The van pulls in, and Nick opens the door of Offred’s
room. Offred thinks he has betrayed her, but he whispers that she
should go with the Eyes. He tells her they are in Mayday and have
come to save her. Offred knows that he might be an Eye, because
the Eyes probably know all about Mayday, but this is her last chance.
She walks down the stairs to meet the men waiting for her. Serena demands
to know Offred’s crime, and Offred realizes Serena was not the one
to call these men. The men say they cannot tell her. The Commander
demands to see a warrant, and the Eyes—or the men from Mayday, perhaps—say
that she is being arrested for “violation of state secrets.” As
Serena curses her, Offred follows the Eyes to the van waiting outside.
Summary: Historical Notes on The Handmaid’s
Tale
The epilogue is a transcript of a symposium held in 2195,
in a university in the Arctic. Gilead is long gone, and Offred’s
story has been published as a manuscript titled The Handmaid’s
Tale. Her story was found recorded on a set of cassette
tapes locked in an army foot locker in Bangor, Maine. The main part
of the epilogue is a speech by an expert on Gilead named Professor
Pieixoto. He talks about authenticating the cassette tapes. He says
tapes like these would be very difficult to fake. The first section
of each tape contains a few songs from the pre-Gileadean period,
probably to camouflage the actual purpose of the tapes. The same
voice speaks on all the tapes, and they are not numbered, nor are
they arranged in any particular order, so the professors who transcribed
the story had to guess at the intended chronology of the tapes.

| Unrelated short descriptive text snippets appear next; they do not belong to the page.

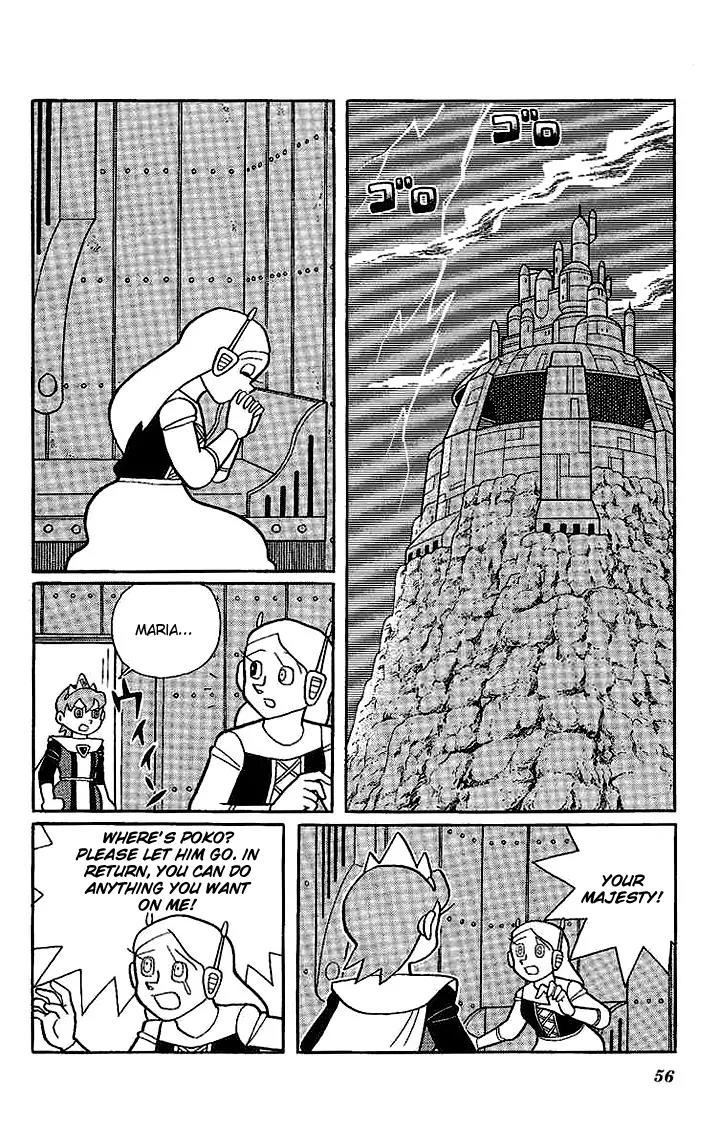 Doraemon Long Stories Chapter 22.2 page 21 - Vol.22 Chapter 2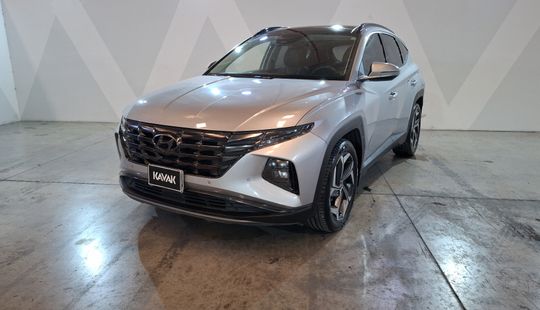 Hyundai • Tucson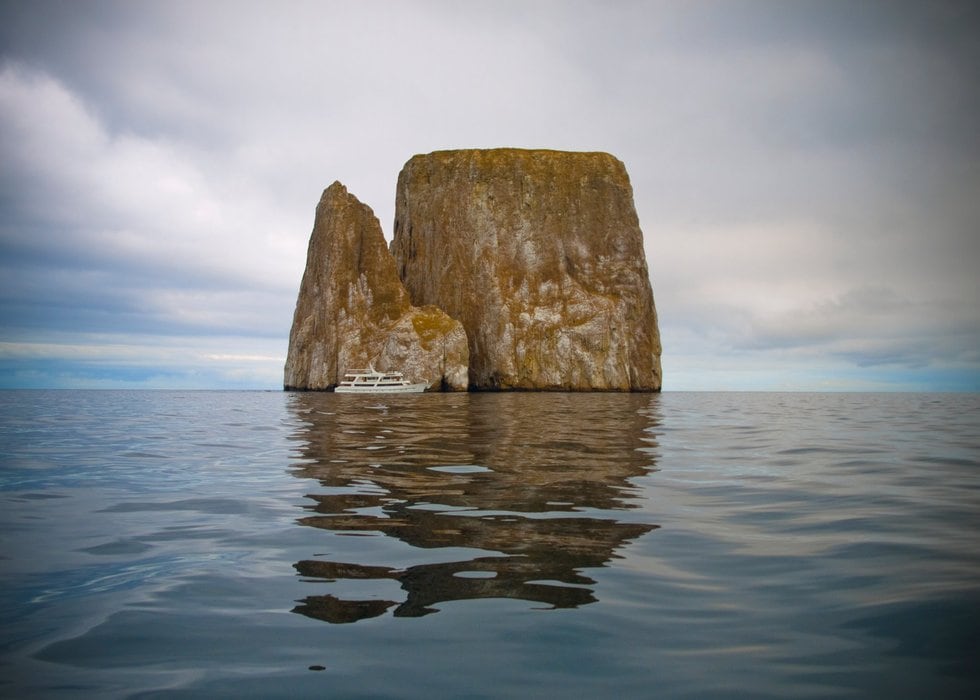 Galapagos Islands Luxury Yachts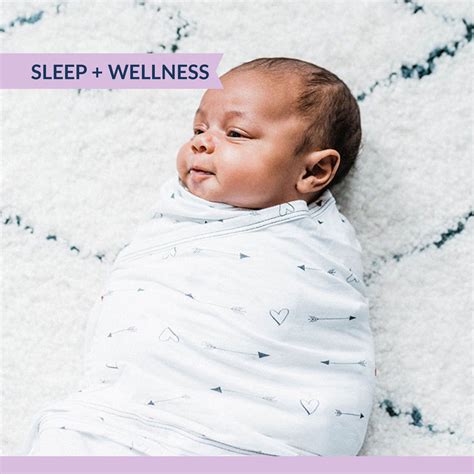 Best Swaddle Technique for Newborn Babies | Nested Bean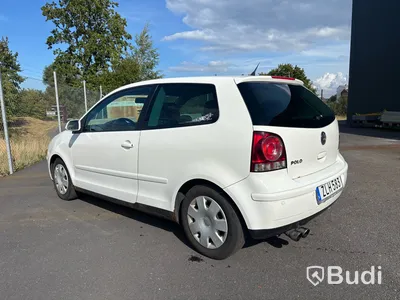 Volkswagen Polo 3-cyl -2007
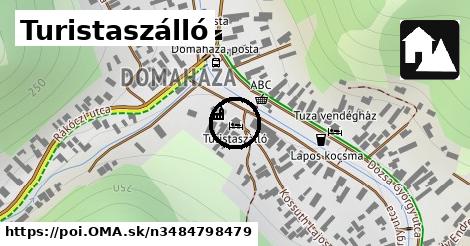 Turistaszálló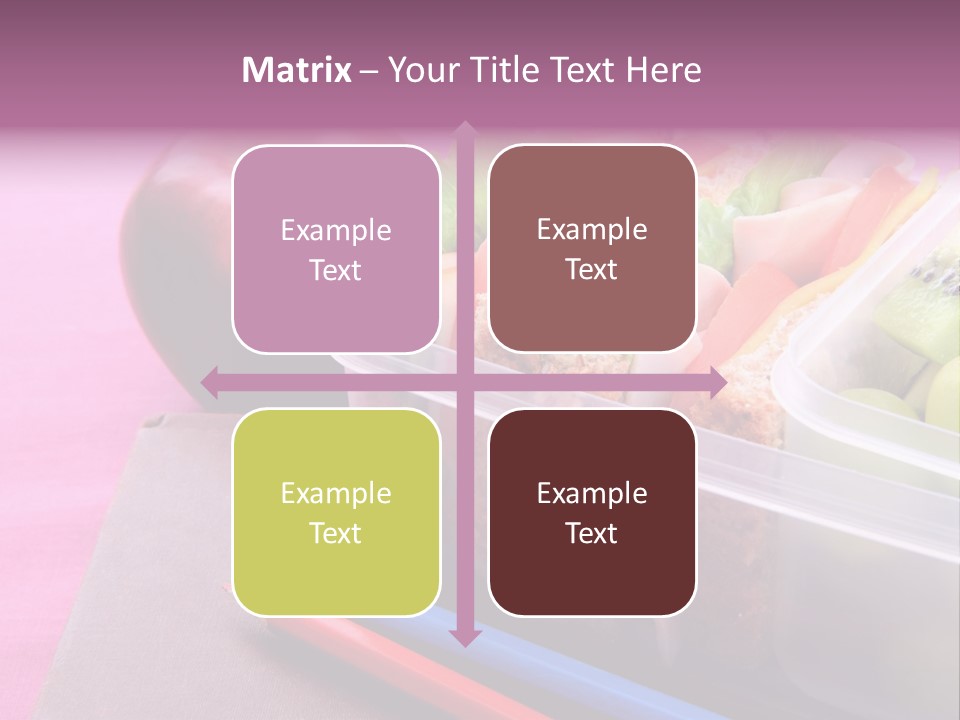 Personality Truth Wrong PowerPoint Template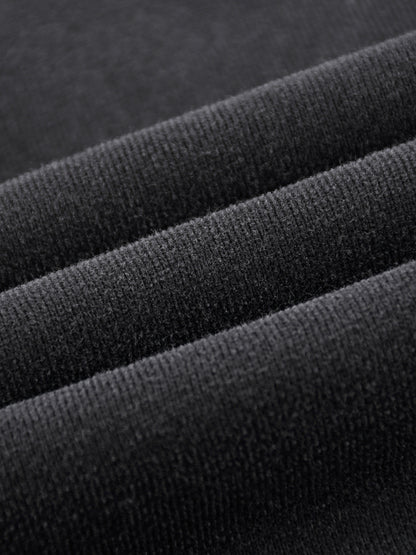 CHOSEN | Vintage Washed Frayed Fleece Hoodie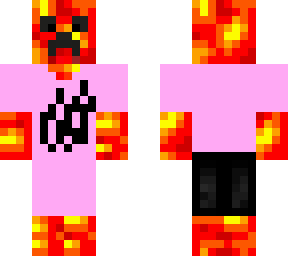 pink preston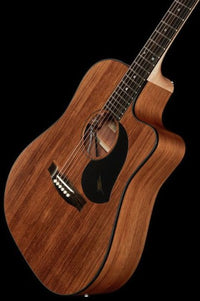 Maton EBW70C Blackwood Guitarra Electroacústica Dreadnought 10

Pieixoto warns his audience against judging Gilead too
harshly, because such judgments are culturally biased, and he points
out that the Gilead regime was under a good deal of pressure from
the falling birthrate and environmental degradation. He says the
birthrate declined for a variety of reasons, including birth control,
abortions, AIDS, syphilis, and deformities and miscarriages resulting
from nuclear plant disasters and toxic waste. The professor explains
how Gilead created a group of fertile women by criminalizing all
second marriages and nonmarital relationships, confiscating children
of those marriages and partnerships, and using the women as reproductive
vessels. Using the Bible as justification, they replaced what he
calls “serial polygamy” with “simultaneous polygamy.” He explains
that like all new systems, Gilead drew on the past in creating its
ideology. In particular, he mentions the racial tensions that plagued
pre-Gilead, which Gilead incorporated in its doctrine.
He discusses the identity of the narrator. They tried
to discover it using a variety of methods, but failed. Pieixoto
notes that historical details are scanty because so many records
were destroyed in purges and civil war. Some tapes, however, were
smuggled to Save the Women societies in England. He says the names
Offred used to describe her relatives were likely pseudonyms employed
to protect the identities of her loved ones. The Commander was likely
either Frederick Waterford or B. Frederick Judd. Both men were leaders
in the early years of Gilead, and both were probably instrumental
in building the society’s basic structure. Judd devised the Particicution, realizing
that it would release the pent-up anger of the Handmaids. Pieixoto
says that Particicutions became so popular that in Gilead’s “Middle
Period” they occurred four times a year. Judd also came up with
the notion that women should control other women. Pieixoto says
that no empire lacks this “control of the indigenous by members
of their own group.” Pieixoto explains that both Waterford and Judd
likely came into contact with a virus that caused sterility in men.
He says the evidence suggests that Waterford was the Commander of
Offred’s story; records show that in “one of the earliest purges”
Waterford was killed for owning pictures and books, and for indulging
“liberal tendencies.” Pieixoto remarks that many early Commanders
felt themselves above the rules, safe from any attack, and that
in the Middle Period Commanders behaved more cautiously.